Copy nothing from the entries below except the lines from the one containing "Alterar o hostname" through the one containing "Prisoners of Our", and copy those exactly.
─── Provided records
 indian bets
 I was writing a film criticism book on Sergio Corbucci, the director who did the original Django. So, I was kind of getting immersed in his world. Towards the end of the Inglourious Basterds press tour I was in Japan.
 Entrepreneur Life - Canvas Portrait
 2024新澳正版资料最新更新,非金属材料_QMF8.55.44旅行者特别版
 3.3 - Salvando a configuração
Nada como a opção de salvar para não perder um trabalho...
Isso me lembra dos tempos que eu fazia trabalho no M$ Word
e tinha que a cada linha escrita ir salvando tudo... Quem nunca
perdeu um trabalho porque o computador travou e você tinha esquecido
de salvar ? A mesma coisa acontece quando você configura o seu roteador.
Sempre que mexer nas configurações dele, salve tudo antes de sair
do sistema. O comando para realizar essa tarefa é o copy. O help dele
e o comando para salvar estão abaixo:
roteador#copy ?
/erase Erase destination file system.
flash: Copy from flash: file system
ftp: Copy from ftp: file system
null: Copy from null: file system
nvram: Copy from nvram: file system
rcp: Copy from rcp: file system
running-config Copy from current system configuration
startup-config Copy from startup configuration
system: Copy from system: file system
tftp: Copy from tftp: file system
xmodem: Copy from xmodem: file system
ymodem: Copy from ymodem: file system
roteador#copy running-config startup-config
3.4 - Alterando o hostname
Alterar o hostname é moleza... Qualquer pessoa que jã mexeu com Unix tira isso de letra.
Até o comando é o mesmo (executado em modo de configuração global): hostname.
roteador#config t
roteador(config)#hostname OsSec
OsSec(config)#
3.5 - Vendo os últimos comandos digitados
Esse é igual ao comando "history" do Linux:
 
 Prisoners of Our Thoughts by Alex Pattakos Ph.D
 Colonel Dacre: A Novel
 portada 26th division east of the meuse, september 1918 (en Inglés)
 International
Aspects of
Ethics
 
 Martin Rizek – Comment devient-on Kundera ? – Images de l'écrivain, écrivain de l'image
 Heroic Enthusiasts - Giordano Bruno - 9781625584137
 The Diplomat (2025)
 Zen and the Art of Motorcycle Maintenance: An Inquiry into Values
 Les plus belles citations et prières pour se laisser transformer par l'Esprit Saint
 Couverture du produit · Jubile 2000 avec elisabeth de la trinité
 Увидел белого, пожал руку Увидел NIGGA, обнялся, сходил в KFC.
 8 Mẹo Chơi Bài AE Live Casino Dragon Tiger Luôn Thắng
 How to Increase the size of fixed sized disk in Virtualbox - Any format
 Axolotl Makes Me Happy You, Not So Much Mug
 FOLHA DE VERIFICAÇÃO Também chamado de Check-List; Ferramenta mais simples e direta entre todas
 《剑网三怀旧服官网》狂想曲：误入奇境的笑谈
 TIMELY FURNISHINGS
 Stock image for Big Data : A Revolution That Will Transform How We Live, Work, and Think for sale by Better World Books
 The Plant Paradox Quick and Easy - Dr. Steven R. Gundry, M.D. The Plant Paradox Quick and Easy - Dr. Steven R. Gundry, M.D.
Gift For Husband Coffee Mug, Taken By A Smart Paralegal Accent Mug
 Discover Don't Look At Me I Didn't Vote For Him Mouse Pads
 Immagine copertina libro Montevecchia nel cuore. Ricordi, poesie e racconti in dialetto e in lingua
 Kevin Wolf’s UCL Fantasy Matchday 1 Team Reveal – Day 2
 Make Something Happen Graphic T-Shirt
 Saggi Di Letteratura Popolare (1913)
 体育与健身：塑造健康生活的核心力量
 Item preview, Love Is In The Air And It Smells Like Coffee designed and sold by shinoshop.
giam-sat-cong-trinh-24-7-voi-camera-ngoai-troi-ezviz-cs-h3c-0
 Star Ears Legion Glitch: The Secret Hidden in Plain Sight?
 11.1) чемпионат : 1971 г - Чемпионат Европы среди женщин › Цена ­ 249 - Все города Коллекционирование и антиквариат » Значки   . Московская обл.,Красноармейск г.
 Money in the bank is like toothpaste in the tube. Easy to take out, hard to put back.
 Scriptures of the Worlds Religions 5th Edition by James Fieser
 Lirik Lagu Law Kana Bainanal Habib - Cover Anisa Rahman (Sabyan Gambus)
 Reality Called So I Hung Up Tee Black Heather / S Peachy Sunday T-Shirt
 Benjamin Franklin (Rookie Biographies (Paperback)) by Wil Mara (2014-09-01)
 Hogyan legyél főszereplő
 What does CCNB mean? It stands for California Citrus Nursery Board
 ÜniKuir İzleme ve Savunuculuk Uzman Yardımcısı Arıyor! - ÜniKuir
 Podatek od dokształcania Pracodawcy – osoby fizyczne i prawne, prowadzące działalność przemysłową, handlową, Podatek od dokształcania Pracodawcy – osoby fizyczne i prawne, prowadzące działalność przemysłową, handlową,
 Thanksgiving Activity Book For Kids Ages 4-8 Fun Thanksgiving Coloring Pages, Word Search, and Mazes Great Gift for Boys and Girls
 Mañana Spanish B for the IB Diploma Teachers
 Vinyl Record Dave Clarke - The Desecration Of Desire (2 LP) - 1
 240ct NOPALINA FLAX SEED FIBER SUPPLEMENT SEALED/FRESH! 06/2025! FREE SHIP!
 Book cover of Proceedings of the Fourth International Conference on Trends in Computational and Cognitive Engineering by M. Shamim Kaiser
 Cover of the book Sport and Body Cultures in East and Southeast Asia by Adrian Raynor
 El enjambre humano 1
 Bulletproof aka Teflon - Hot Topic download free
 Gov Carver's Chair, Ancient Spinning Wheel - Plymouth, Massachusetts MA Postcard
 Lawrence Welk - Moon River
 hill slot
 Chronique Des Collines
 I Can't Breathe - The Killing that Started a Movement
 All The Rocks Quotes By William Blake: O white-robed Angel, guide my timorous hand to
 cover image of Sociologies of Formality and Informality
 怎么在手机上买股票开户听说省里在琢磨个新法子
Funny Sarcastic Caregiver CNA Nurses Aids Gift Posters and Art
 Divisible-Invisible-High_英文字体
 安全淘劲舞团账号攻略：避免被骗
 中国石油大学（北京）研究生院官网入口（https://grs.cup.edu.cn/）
──────
● **Exercise result**:
Alterar o hostname é moleza... Qualquer pessoa que jã mexeu com Unix tira isso de letra.
Até o comando é o mesmo (executado em modo de configuração global): hostname.
roteador#config t
roteador(config)#hostname OsSec
OsSec(config)#
3.5 - Vendo os últimos comandos digitados
Esse é igual ao comando "history" do Linux:
 
 Prisoners of Our Thoughts by Alex Pattakos Ph.D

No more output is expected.